It is the import of that ardor and the ways in which it so obviously shaped the author’s life and perspective that set me reflecting. It is not only a matter of how a piano (and perhaps other instruments as well) can become part of an individual’s and a family’s life and in some way begin to conjure experiences and relationships and feelings in profound and indefinable ways, but also how the instrument can evoke not only human uniqueness, but also pathways to the sublime and to appreciation of one’s lived experience and memory. Here is how Carhart described the distinctively powerful capacity of this complex instrument to evoke claims on its owners:

We invest it with our dreams, we touch it off-handedly as we walk by, we crown it with favorite photos and treasured objects until it becomes a kind of domestic shrine. But when it is gone from our lives, it can’t really be replaced, not for what it encompasses as part of a life’s progress.

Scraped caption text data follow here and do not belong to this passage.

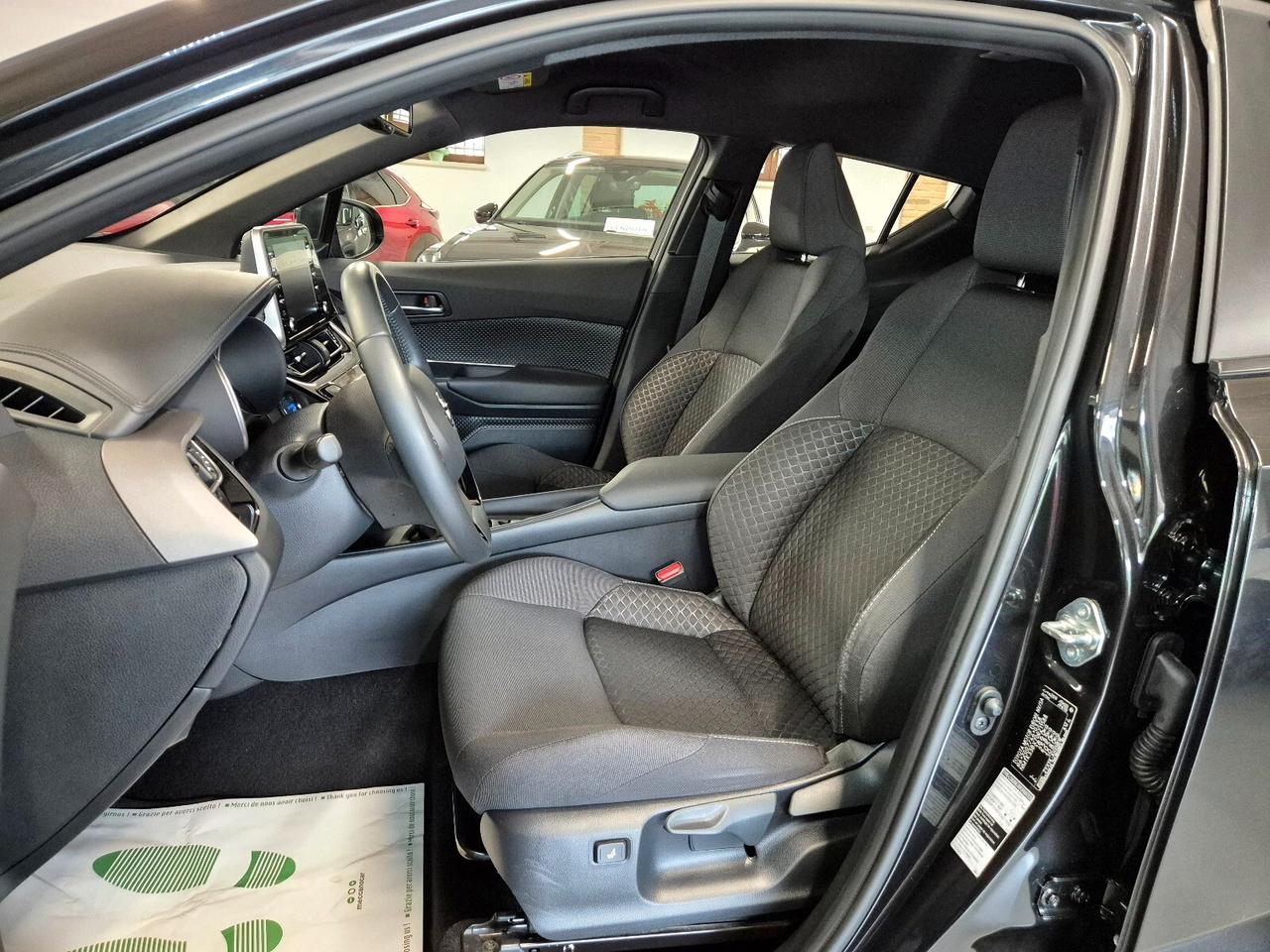 Toyota C-HR 1.8 Hybrid E-CVT Business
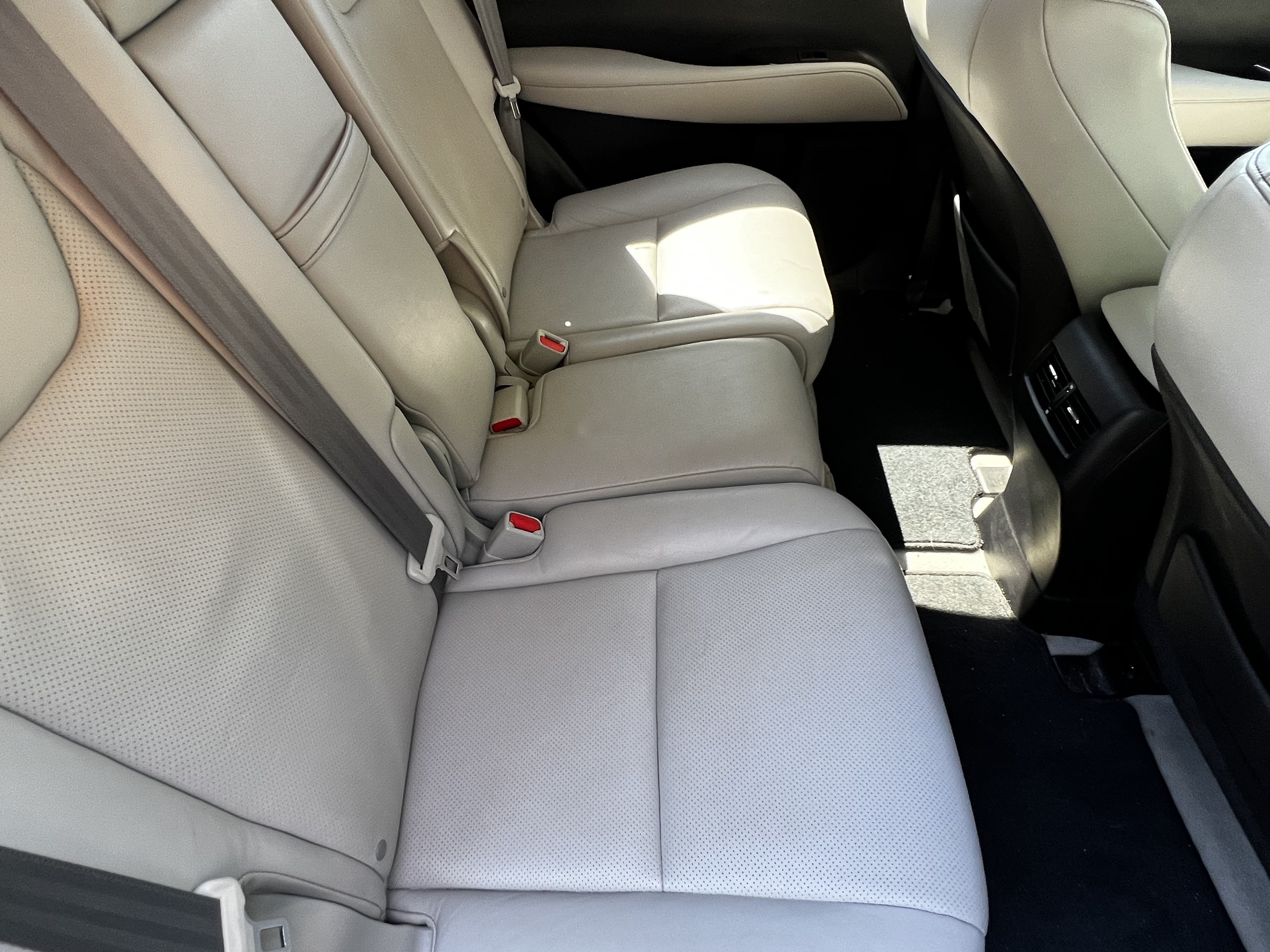 Used 2015 Lexus RX 450h FWD image 41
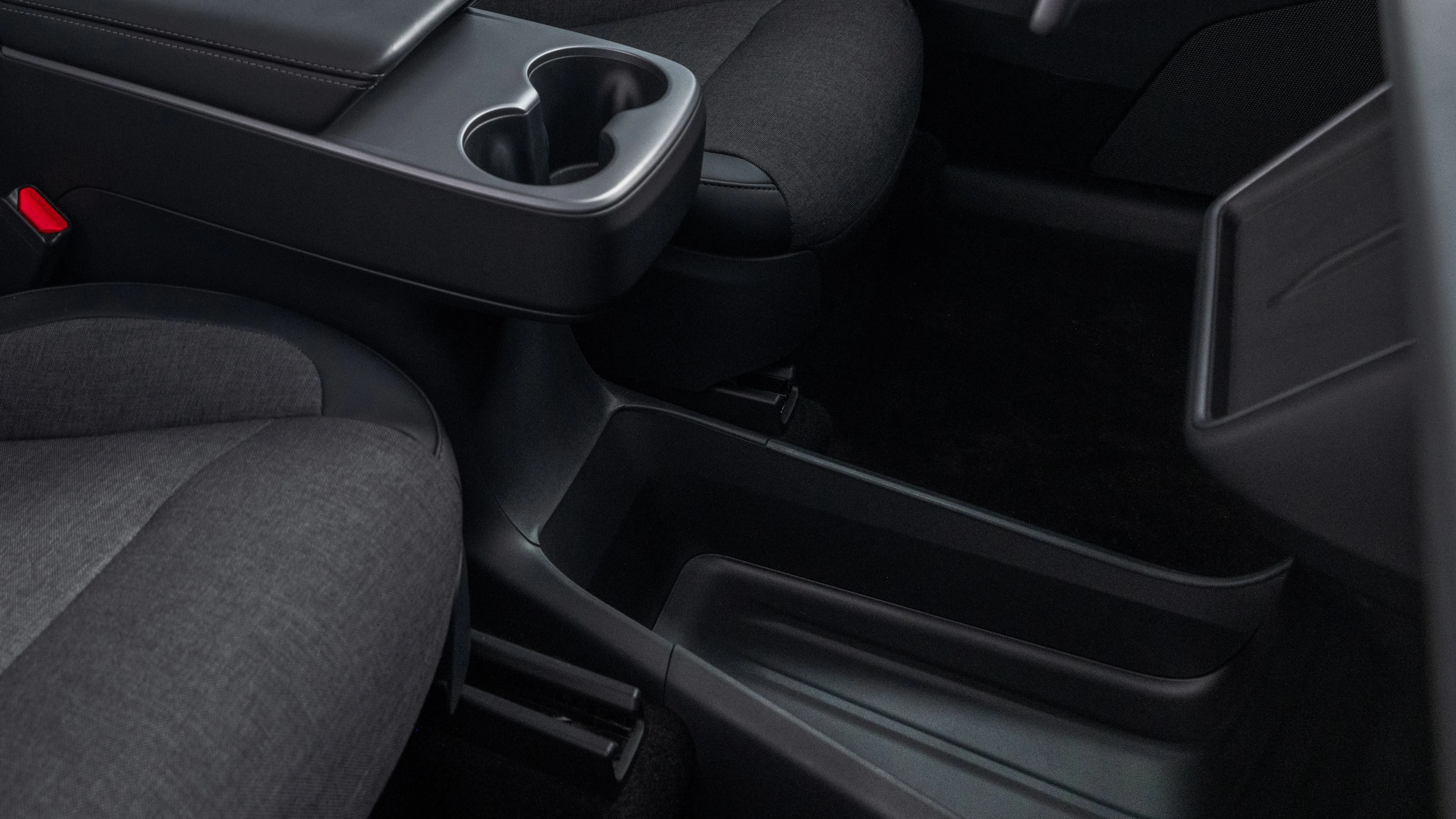Tesla Model Y Standard Long Range RWD details view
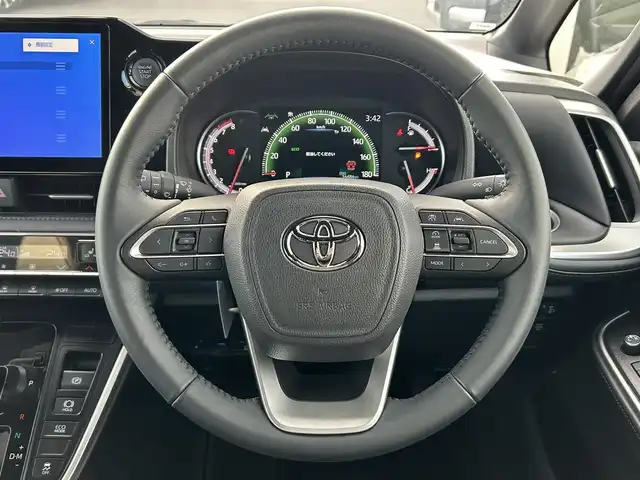 トヨタ ヴォクシー S－Z 宮城県 2024(令6)年 1.7万km アティチュードブラックマイカ ディスプレイオーディオプラス/・車載メモリーナビ/・DVD/CD/・AM/FM/・地デジTV/・12スピーカー/・USB入力/・HDMI入力/・AppleCarPlay/AndroidAuto/・先読みエコドライブ/・ETC2.0ユニット/プロジェクター式LEDヘッドランプ/・アダプティブハイビームシステム/＝＝＝/セーフティセンス/・プリクラッシュセーフティ/・レーントレーシングアシスト/・レーンディパーチャーアラート/・レーダークルーズコントロール/・オートマチックハイビーム/・ロードサインアシスト/・ドライバー異常時対応システム/・プロアクティブドライビングアシスト/・発進遅れ告知機能/パーキングサポートブレーキ（前後方静止物）/純正13インチ後席フリップダウンモニター/両側パワースライドドア/AC100V/革巻きステアリング/ステアリングスイッチ/電動パーキングブレーキ/ブレーキホールド/スマートキー＆プッシュスタート/電動格納ミラー/純正17インチアルミホイール/W//サイド/カーテンエアバッグ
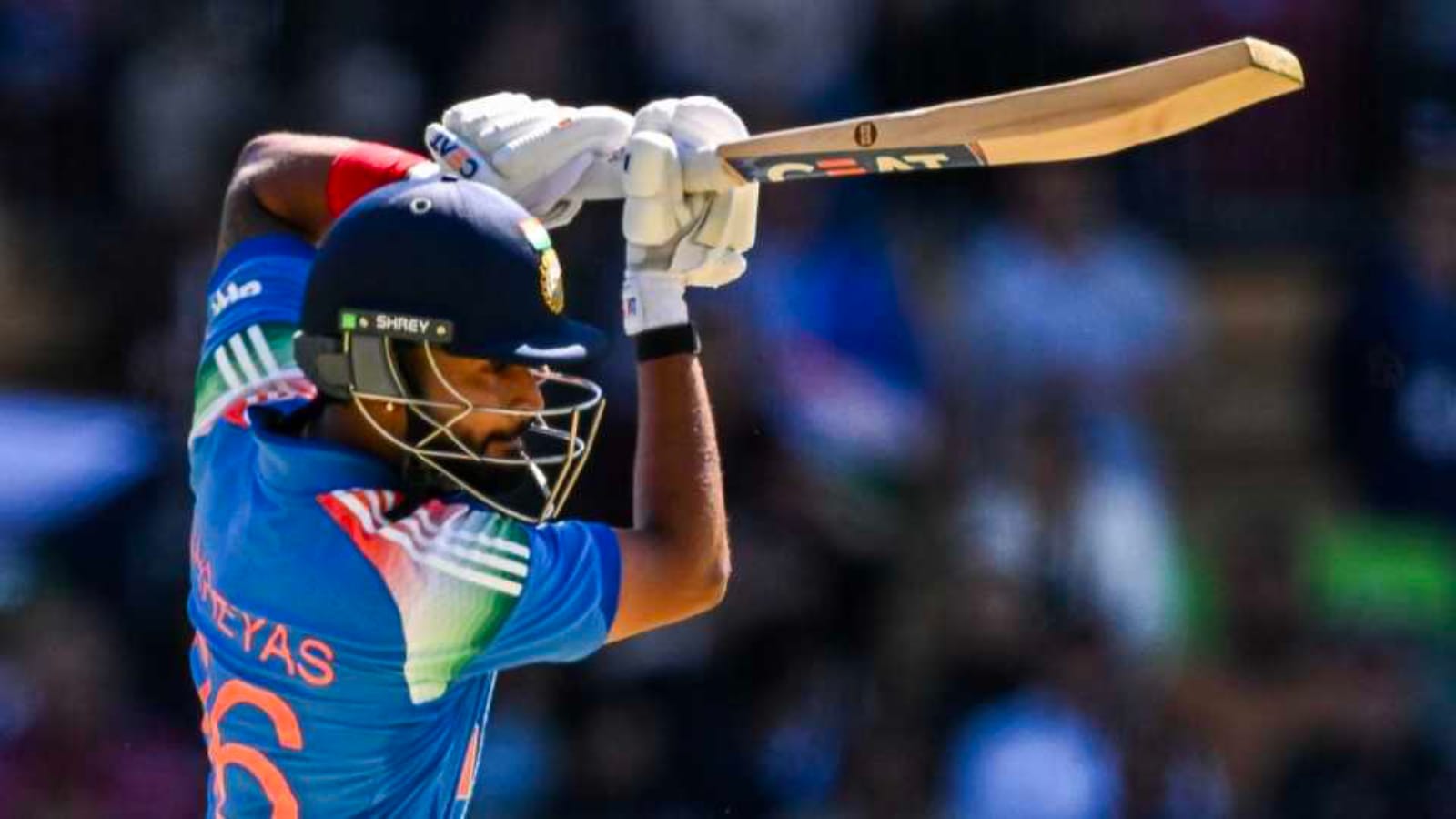 সিরিজ চলাকালীন গুরুতর চোট পেয়ে মাঠ ছাড়লেন শ্রেয়স আইয়ার, ছিঠকে গেলেন ৩-৪ টি ম্যাচ থেকে !! 3 সিরিজ চলাকালীন গুরুতর চোট পেয়ে মাঠ ছাড়লেন শ্রেয়স আইয়ার, ছিঠকে গেলেন ৩-৪ টি ম্যাচ থেকে !! 3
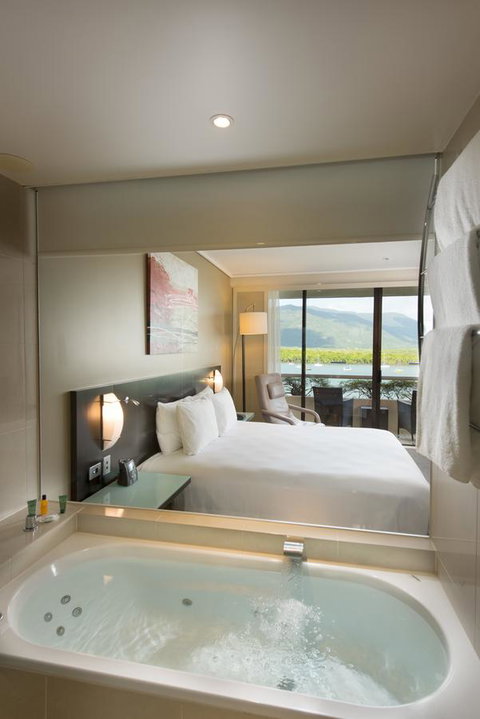 Hilton Cairns - Accommodation Sunshine Coast 2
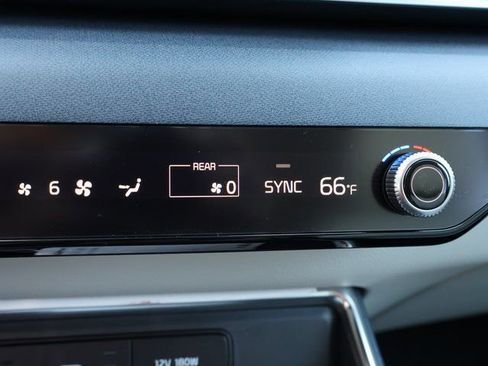 New 2026 Kia Carnival EX FWD image 27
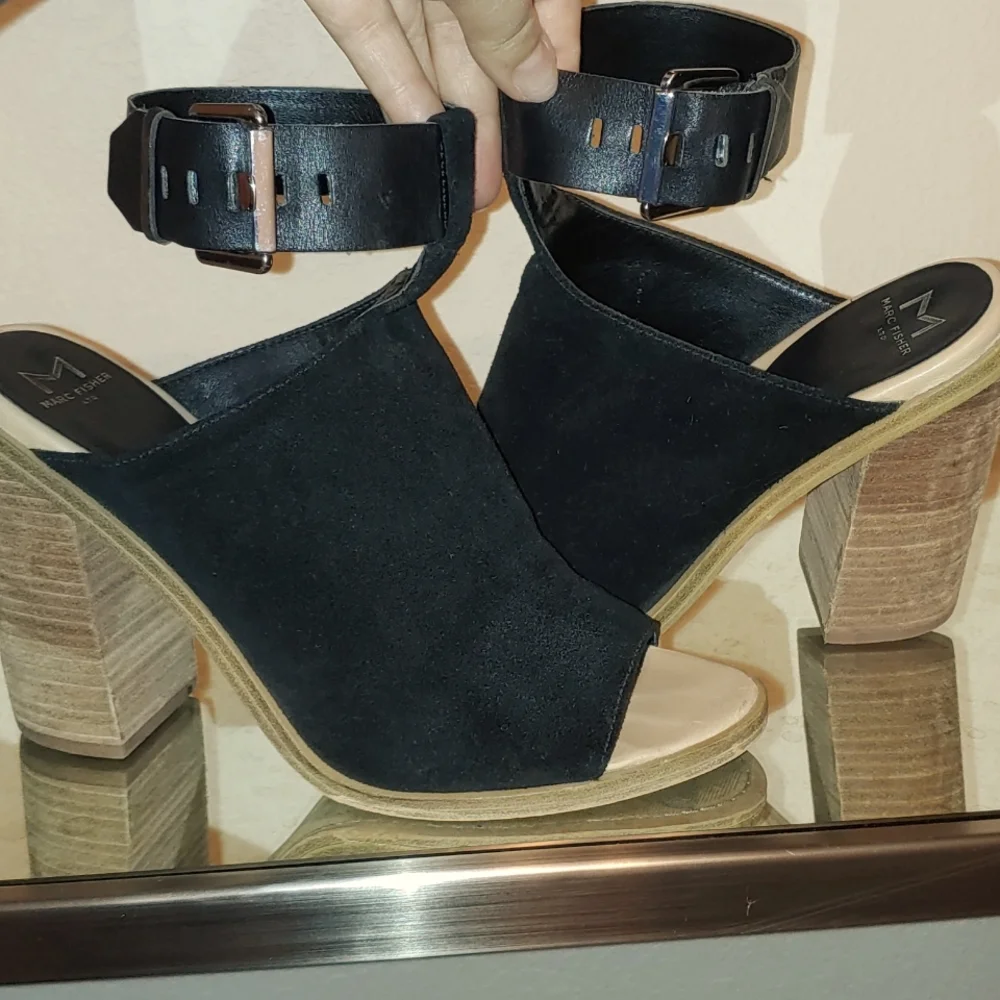 Black Women's Open-Toe Sandals - Picture 2 of 9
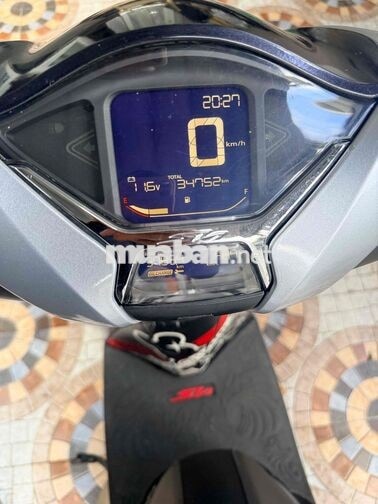 Honda SH 125 CBS 2023 Bạc 34752 km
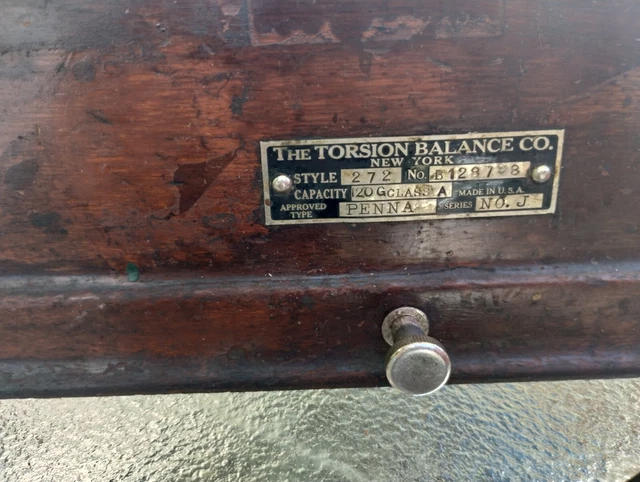 Vintage Cased Torsion Balance Company Scale Capacity 120 Grams Class A Series J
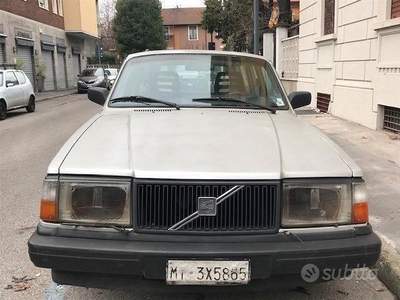 Usato 1992 Volvo 240 2.0 Benzin 109 CV (3.300 €)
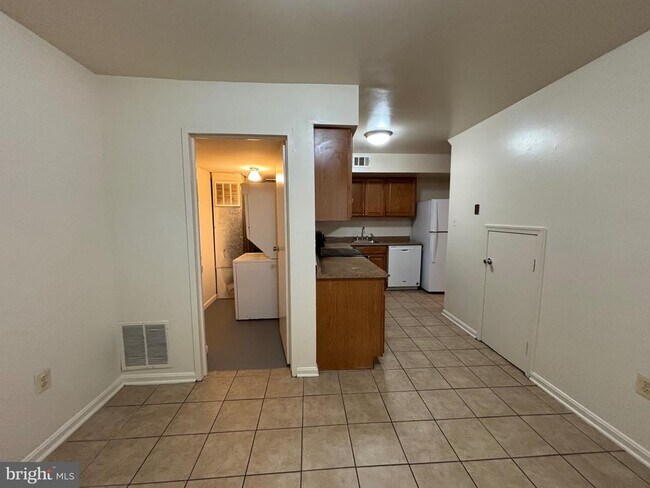 Building Photo - 4657 Logsdon Dr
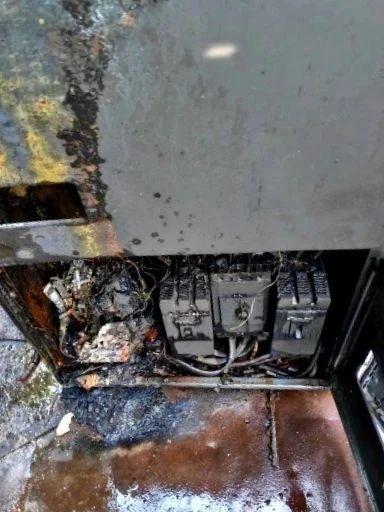 В Ленском округе, в селе Яренск, загорелась трансформаторная будка В Ленском округе, в селе Яренск, загорелась трансформаторная будка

While he did not employ the term, it seems clear the piano served not only as an avenue to the sublime and to its individual expression for Carhart, but it also unleashed his aesthetic imagination. That turn allowed the author to envision new possibilities and to experience emotions and reflections he argues he otherwise would never have known. Herbert Marcuse pointed up this power of the arts and art making more generally in his final book, The Aesthetic Dimension:

This experience (participation in an art-making or an artistic possibility) culminates in extreme situations (of love and death, guilt and failure, but also joy, happiness and fulfillment), which explode the given reality in the name of a truth normally denied or even unheard.

Carhart’s text may be read as a loving reflection on the power of the aesthetic imagination to shape virtually all dimensions of human experience, and of the arts to unleash that potential. For Carhart, this possibility lay in the complex sonority, engineering and lasting beauty of a well-constructed piano as well as with the evocative and sweeping power it may release when beautifully played. For others, that opportunity may lay in theatrical performance or challenging poetry or in painting or sculpture. The specific form is not the key. Rather, the arts, music in this instance, provide an avenue to new ways of knowing, novel nuances of experience and fresh subtleties of emotional and intellectual ideation, and it is these that so profoundly shape individual possibility. Carhart’s thoughtful homage to the piano and its meanings in his and his friend Luc’s lives, offers more than a winning memoir. It provides a distinctive lens into the evocative power of art to shape human understanding.